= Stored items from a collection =
========

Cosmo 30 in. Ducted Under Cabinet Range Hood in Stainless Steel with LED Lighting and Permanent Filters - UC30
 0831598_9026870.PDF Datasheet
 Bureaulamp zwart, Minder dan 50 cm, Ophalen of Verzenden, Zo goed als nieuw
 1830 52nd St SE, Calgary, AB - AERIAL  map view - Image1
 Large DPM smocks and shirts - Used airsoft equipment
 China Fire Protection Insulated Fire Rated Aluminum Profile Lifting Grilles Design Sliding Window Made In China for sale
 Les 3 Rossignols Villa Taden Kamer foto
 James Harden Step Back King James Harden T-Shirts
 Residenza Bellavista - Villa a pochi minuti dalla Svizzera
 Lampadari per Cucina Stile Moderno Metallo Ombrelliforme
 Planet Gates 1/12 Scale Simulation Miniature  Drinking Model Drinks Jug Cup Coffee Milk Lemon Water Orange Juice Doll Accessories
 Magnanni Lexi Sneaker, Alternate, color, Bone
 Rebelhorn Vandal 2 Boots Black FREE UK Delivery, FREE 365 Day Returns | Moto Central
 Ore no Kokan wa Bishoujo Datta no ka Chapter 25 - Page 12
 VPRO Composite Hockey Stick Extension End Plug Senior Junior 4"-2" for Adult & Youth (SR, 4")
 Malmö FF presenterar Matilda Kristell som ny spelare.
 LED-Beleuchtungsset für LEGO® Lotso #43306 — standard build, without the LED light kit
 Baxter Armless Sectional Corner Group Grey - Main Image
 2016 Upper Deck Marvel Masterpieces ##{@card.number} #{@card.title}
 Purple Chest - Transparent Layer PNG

========

= Task directions =
Transcribe only, please, the lines from the first line of the records through the line with "Ore no Kokan". Both of those lines are included.

= Solution to this exercise =
Cosmo 30 in. Ducted Under Cabinet Range Hood in Stainless Steel with LED Lighting and Permanent Filters - UC30
 0831598_9026870.PDF Datasheet
 Bureaulamp zwart, Minder dan 50 cm, Ophalen of Verzenden, Zo goed als nieuw
 1830 52nd St SE, Calgary, AB - AERIAL  map view - Image1
 Large DPM smocks and shirts - Used airsoft equipment
 China Fire Protection Insulated Fire Rated Aluminum Profile Lifting Grilles Design Sliding Window Made In China for sale
 Les 3 Rossignols Villa Taden Kamer foto
 James Harden Step Back King James Harden T-Shirts
 Residenza Bellavista - Villa a pochi minuti dalla Svizzera
 Lampadari per Cucina Stile Moderno Metallo Ombrelliforme
 Planet Gates 1/12 Scale Simulation Miniature  Drinking Model Drinks Jug Cup Coffee Milk Lemon Water Orange Juice Doll Accessories
 Magnanni Lexi Sneaker, Alternate, color, Bone
 Rebelhorn Vandal 2 Boots Black FREE UK Delivery, FREE 365 Day Returns | Moto Central
 Ore no Kokan wa Bishoujo Datta no ka Chapter 25 - Page 12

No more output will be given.